23rd Brigade Royal Field Artillery

23rd Brigade Royal Field Artillery

XXIII Brigade, Royal Field Artillery was a brigade of the Royal Field Artillery which served in the First World War.

It was originally formed with 107th, 108th and 109th Batteries, and attached to 3rd Division. In August 1914 it mobilised and was sent to the Continent with the British Expeditionary Force, where it saw service with 3rd Division until 1917. 109th Battery left the brigade in mid-1916, and was replaced by a new D Battery, formed from a section of 86th (Howitzer) Battery and a section of 128th (Howitzer) Battery.

In 1917 it was withdrawn from 3rd Division, to operate under higher unit control, and served out the rest of the war in this role.

Read more about 23rd Brigade Royal Field Artillery:  External Links

Famous quotes containing the words brigade, royal, field and/or artillery:

    Rational free spirits are the light brigade who go on ahead and reconnoitre the ground which the heavy brigade of the orthodox will eventually occupy.
    —G.C. (Georg Christoph)

    This royal throne of kings, this sceptred isle,
    This earth of majesty, this seat of Mars,
    This other Eden, demi-paradise,
    This fortress built by nature for herself
    Against infection and the hand of war,
    This happy breed of men, this little world,
    This precious stone set in the silver sea,
    Which serves it in the office of a wall,
    Or as a moat defensive to a house
    Against the envy of less happier lands;
    This blessèd plot, this earth, this realm, this England.
    William Shakespeare (1564–1616)

    I learn immediately from any speaker how much he has already lived, through the poverty or the splendor of his speech.
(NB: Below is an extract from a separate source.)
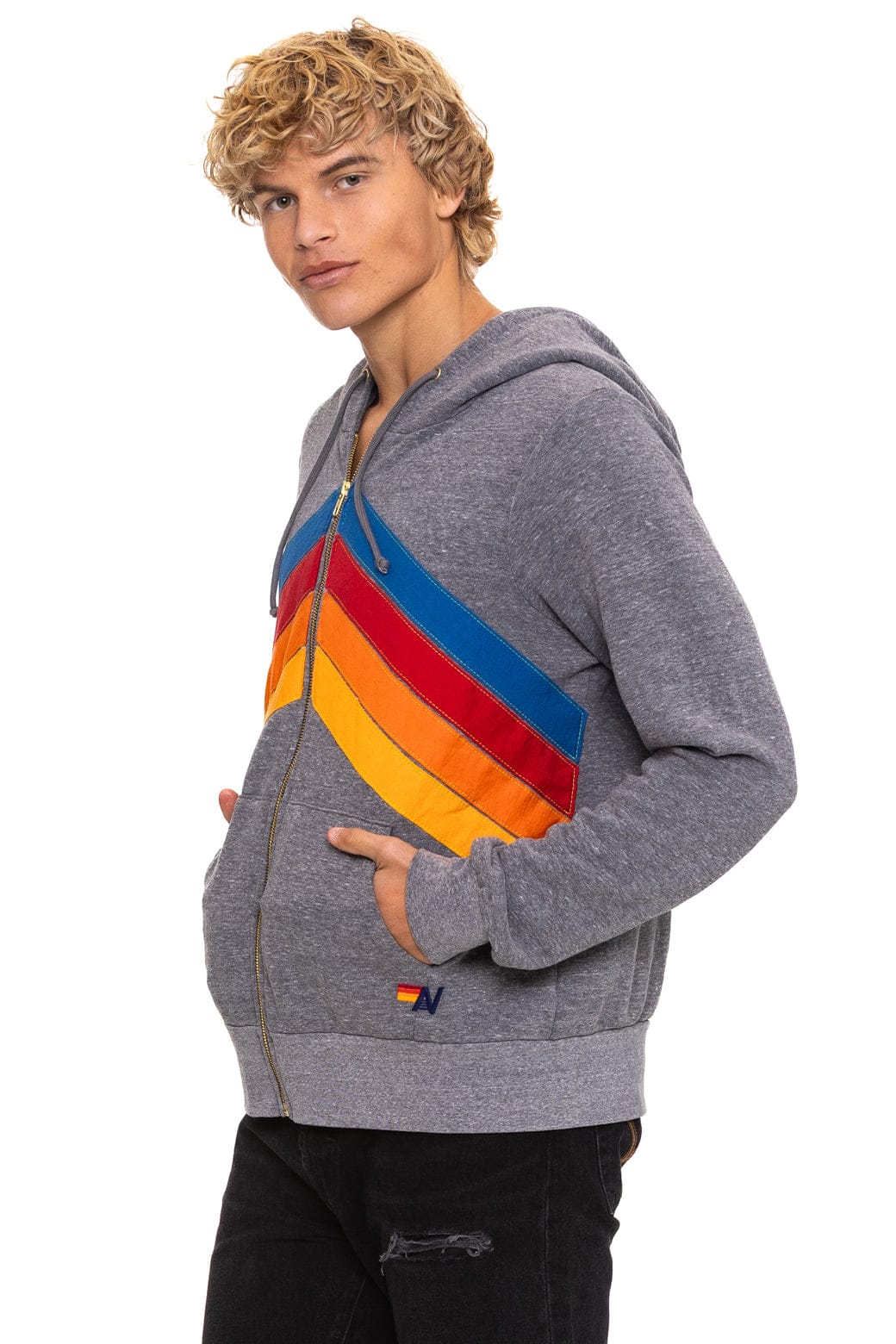 Classic MOUNTAIN STITCH CHEVRON 4 ZIP HOODIE - HEATHER GREY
Life lies behind us as the quarry from whence we get tiles and copestones for the masonry of today. This is the way to learn grammar. Colleges and books only copy the language which the field and the work-yard made.
    Ralph Waldo Emerson (1803–1882)

    We now demand the light artillery of the intellect; we need the curt, the condensed, the pointed, the readily diffused—in place of the verbose, the detailed, the voluminous, the inaccessible. On the other hand, the lightness of the artillery should not degenerate into pop-gunnery—by which term we may designate the character of the greater portion of the newspaper press—their sole legitimate object being the discussion of ephemeral matters in an ephemeral manner.